Splenic B cells were isolated and stimulated as described . Western Blots and qRT-PCR were performed as described  except that cDNA from GC B cells was synthesized using iScript (BioRad). Primer sequences are provided in Supplemental Table 2.
Unpaired two-tailed Student t-tests and Wilcoxon ranked sum tests were used where appropriate. For GC size, in vitro CSR, and serum NP response, experimental replicates performed at different times yielded variation among control animals, likely due to different batches of stimulants. In these cases, p-values were obtained using SAS by fitting a linear mixed effects model with fixed effects for genotype and experiment date and a random mouse effect to account for correlation in replicate measurements from the same mouse. The SAS analyses were performed by the Einstein Biostatistics Shared Resource core.
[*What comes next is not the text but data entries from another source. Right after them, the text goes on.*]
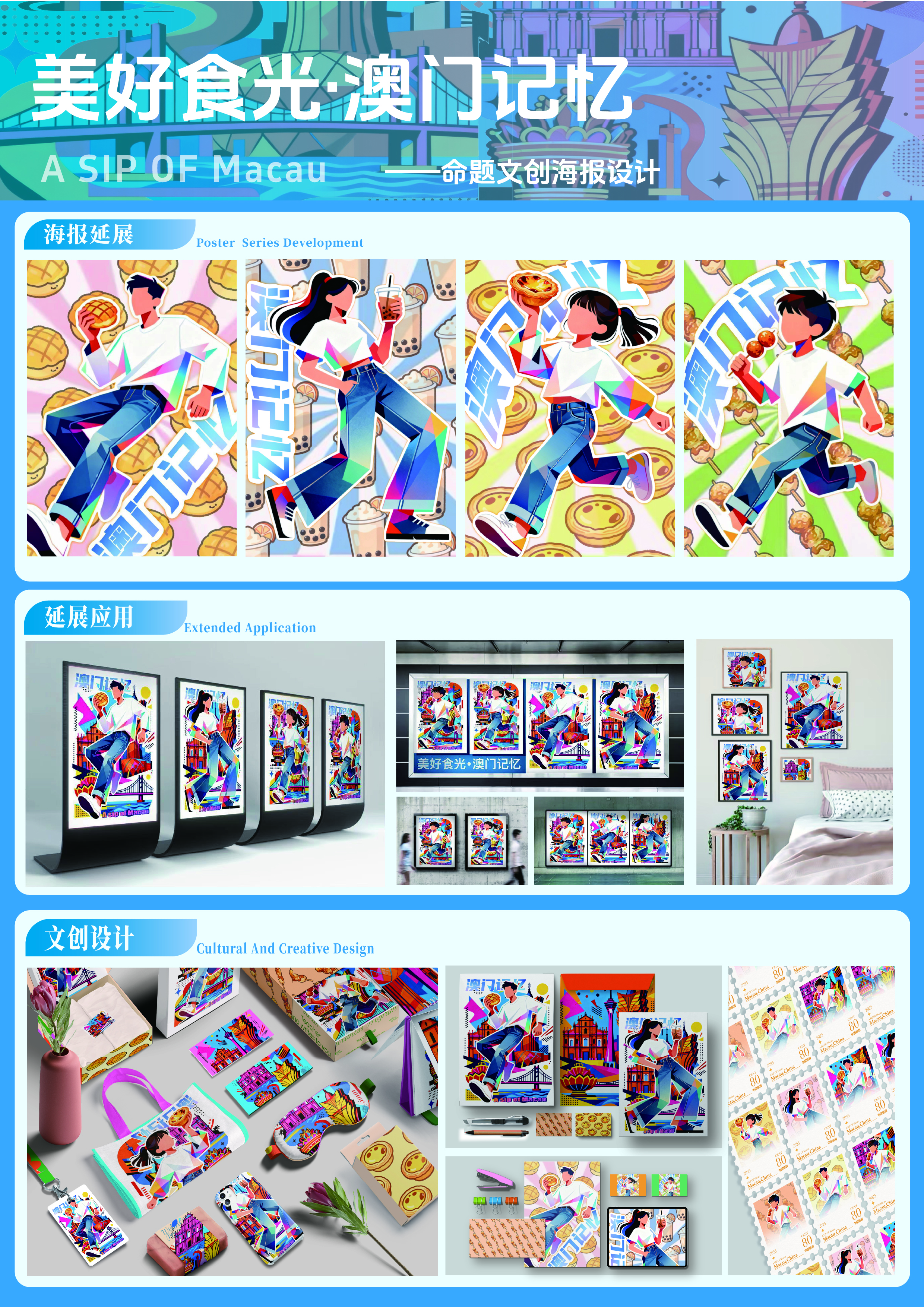美好食光•澳门记忆–2025澳门文创设计作品展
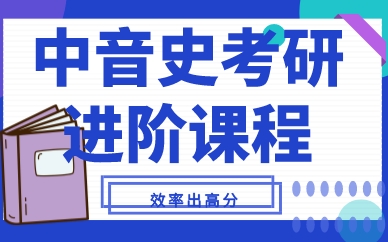 福建中音史考研进阶课程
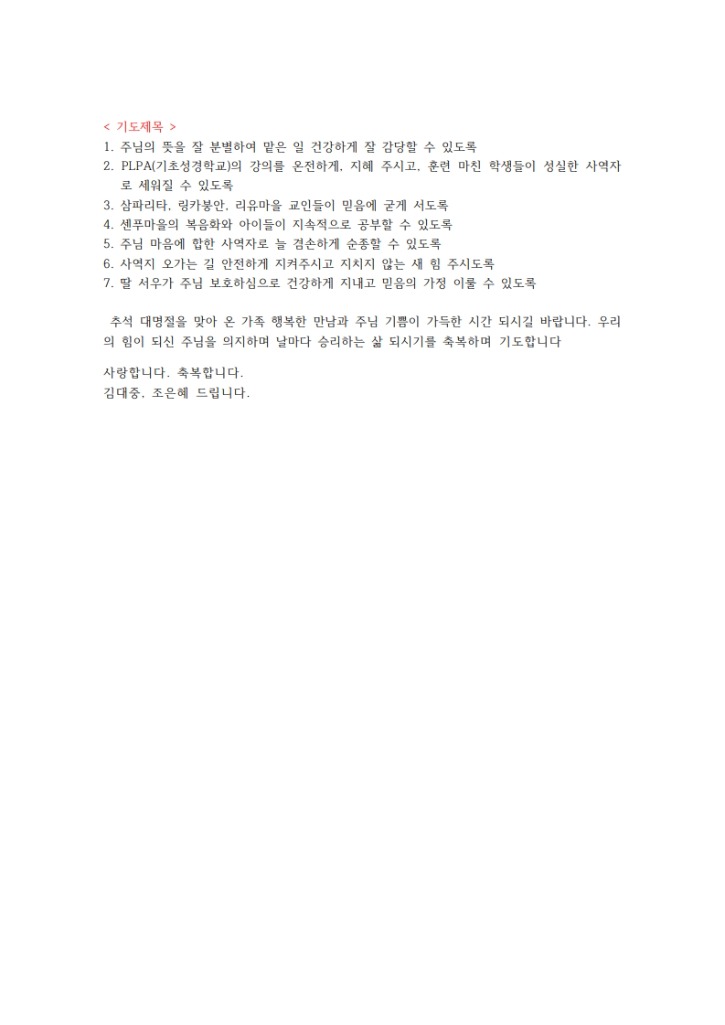 소식지 59 (1)_3.jpg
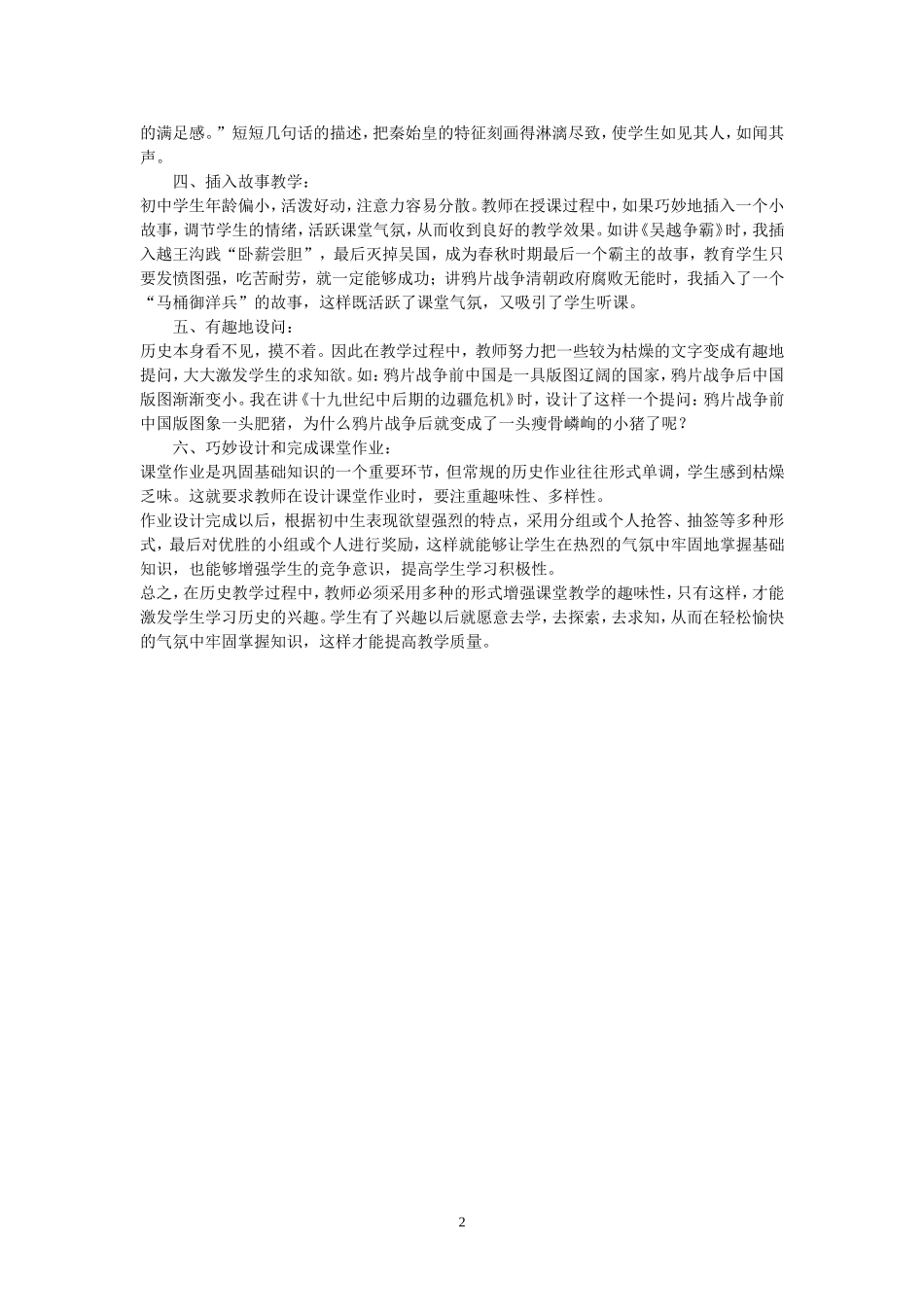 增强历史课堂教学的趣味性_第2页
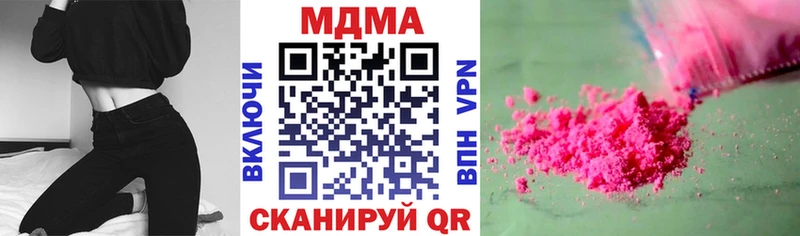 купить наркотик  Стерлитамак  МДМА Molly 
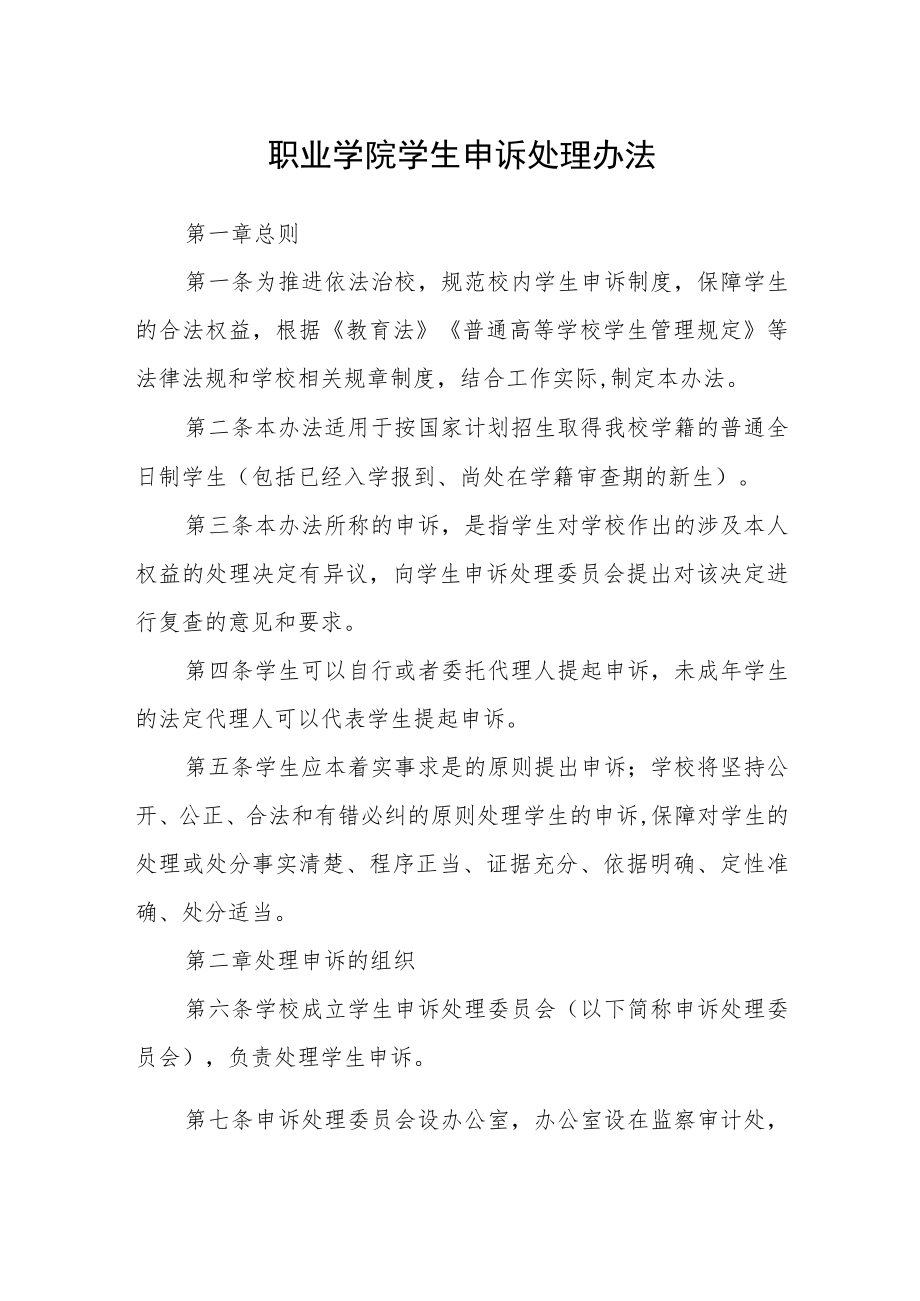 职业学院学生申诉处理办法.docx_第1页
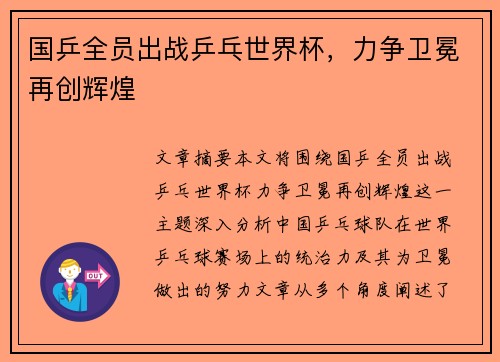 国乒全员出战乒乓世界杯，力争卫冕再创辉煌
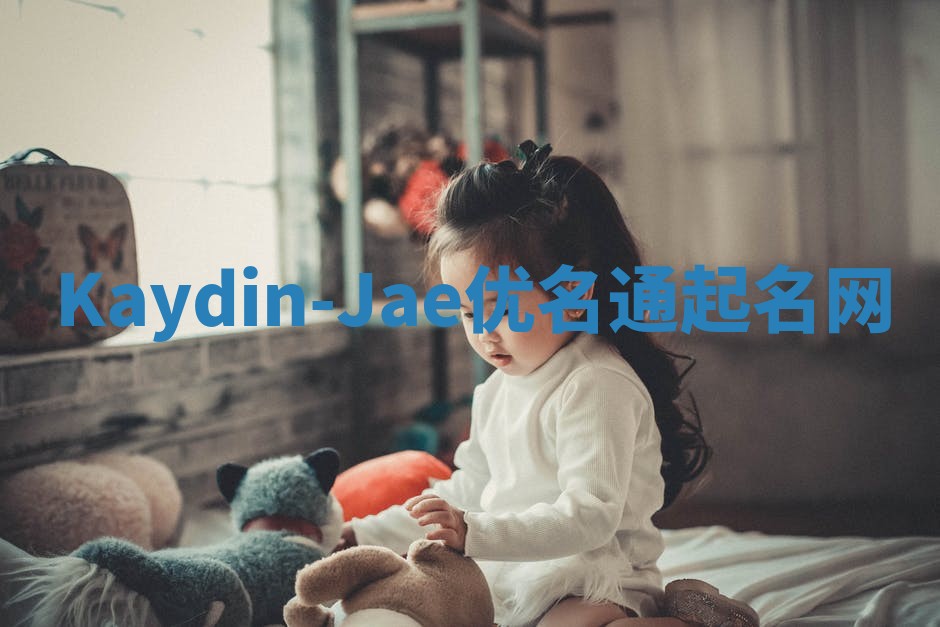 Kaydin-Jae优名通起名网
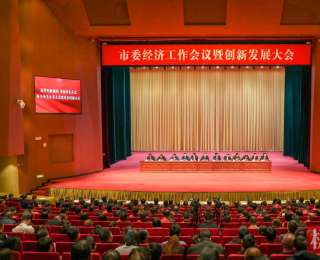 锚定“支点”勇争先，宜都“新春第一会” 擂响县域突围战鼓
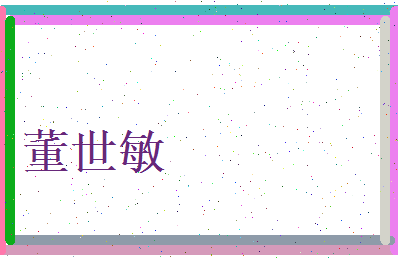 董世敏相关图片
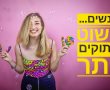 הפרוייקט של לורן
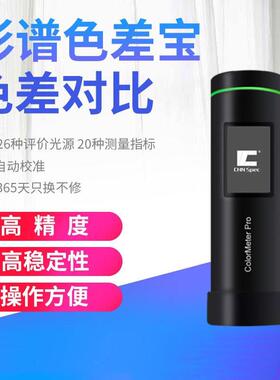 彩谱便携式色差宝高精度可连接电脑塑料油墨漆纺织测色仪识别颜色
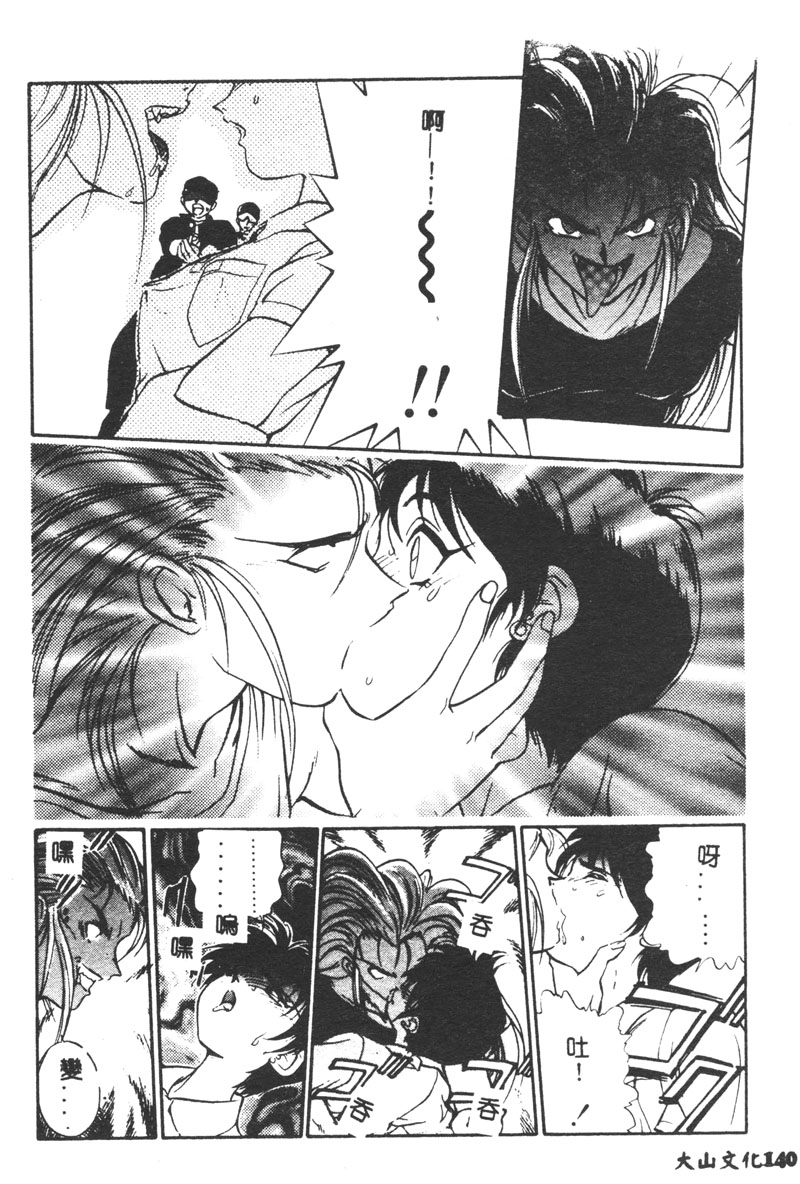 [湯河原あたみ] マジカル・リビドゥ [中国翻訳]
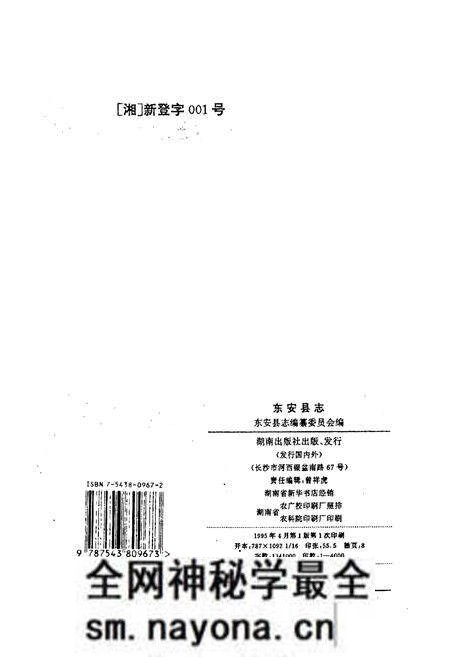 《东安县志》.pdf电子版_湖南省志预览图2 《东安县志》.pdf电子版_湖南省志预览图2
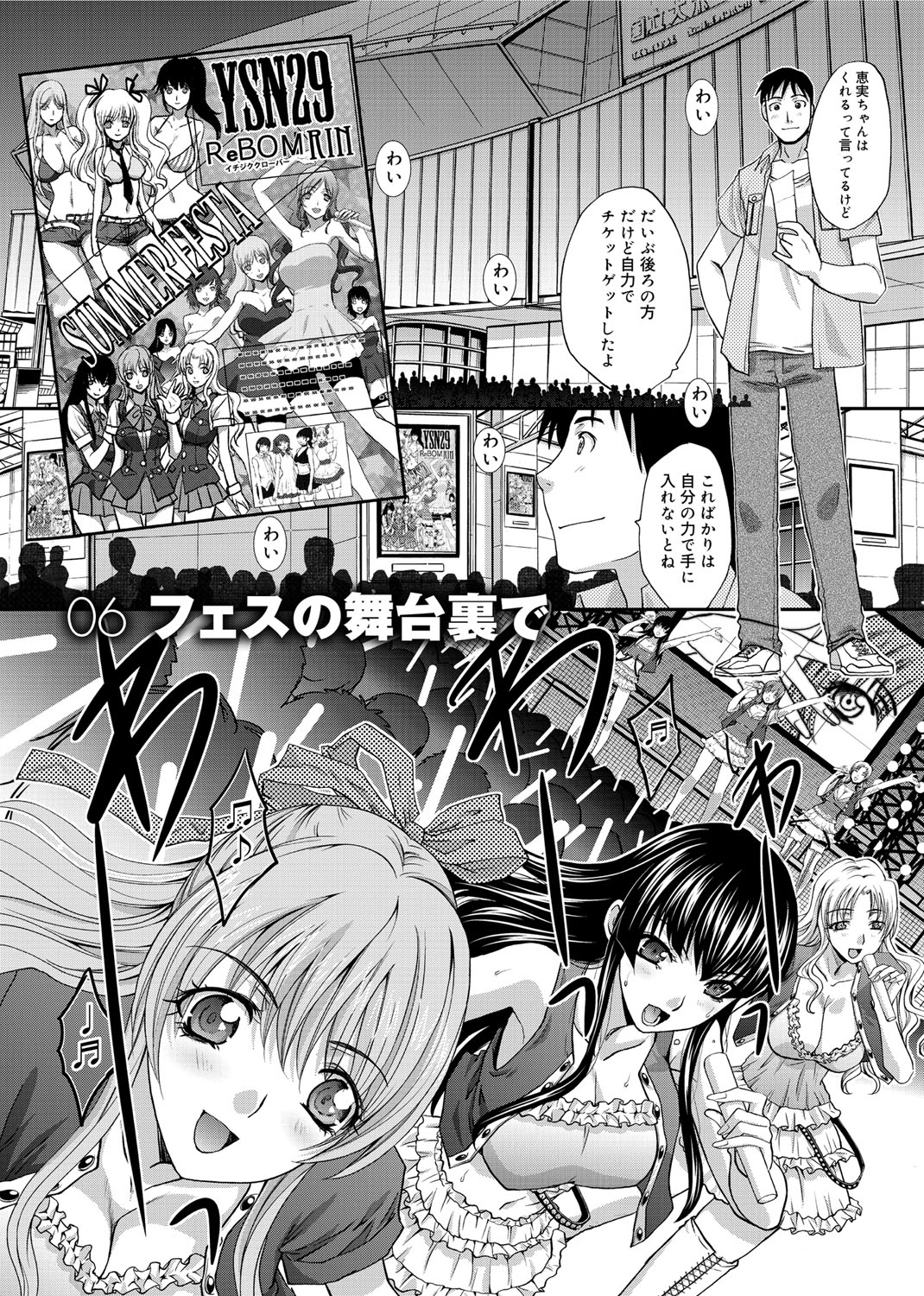 【エロ漫画】【エロ漫画】男を逆に誘惑しちゃうエロ下着のアイドル…逆レイプにイチャイチャとトロ顔セックスで筆下ろししちゃう！【板場広し：06 フェスの舞台裏で】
Supplementary Table S1 contains information on the antibodies used in the IHC and Western Blot analyses. Supplementary Table S2 lists sequences of the qRT-PCR primers. Supplementary Figure S1 demonstrates that the specificity of the cyclin D3 antibody used in the IHC study and that the spleen architecture is largely unaffected by cyclin D3 deficiency. Supplementary Figure S2 illustrates the NP-KLH immunization and animal bleeding schedule. Supplementary Figure S3 shows that cyclin D3 deficiency caused a moderate reduction in CSR to IgG1 but no effect on CSR to IgG3 in vitro.
We thank Dr. Riccardo Dalla-Favera for sharing the Iμ-HA-BCL6 mouse strain, Drs. Ulf Klein and Liang Zhu for insightful suggestions, Dr. Mimi Kim for expert statistical analysis, Drs. Sergio Roa, Lucas Tsikitas, Lydia Zhao and Susan Buhl for invaluable technical support. We are also indebted to Drs. Arthur Skoultchi, Liang Zhu and Ganjam Kalpana for reagents. The AECOM Flow Cytometry Facility and Histopathology Facility are gratefully acknowledged. This work was supported by the Medical Scientist Training Program T32GM007288 (J.U.P.) and grants from the National Institutes of Health R01 CA85573 (B.H.Y), R01 CA72649 and CA102705 (M.D.S.), K08 CA127353 (R.S.), R01 AR049126 and AI051392 (B.D.), and P01 CA109901 (P.S). Support also came from the Harry Eagle Chair provided by the National Women’s Division to M.D.S.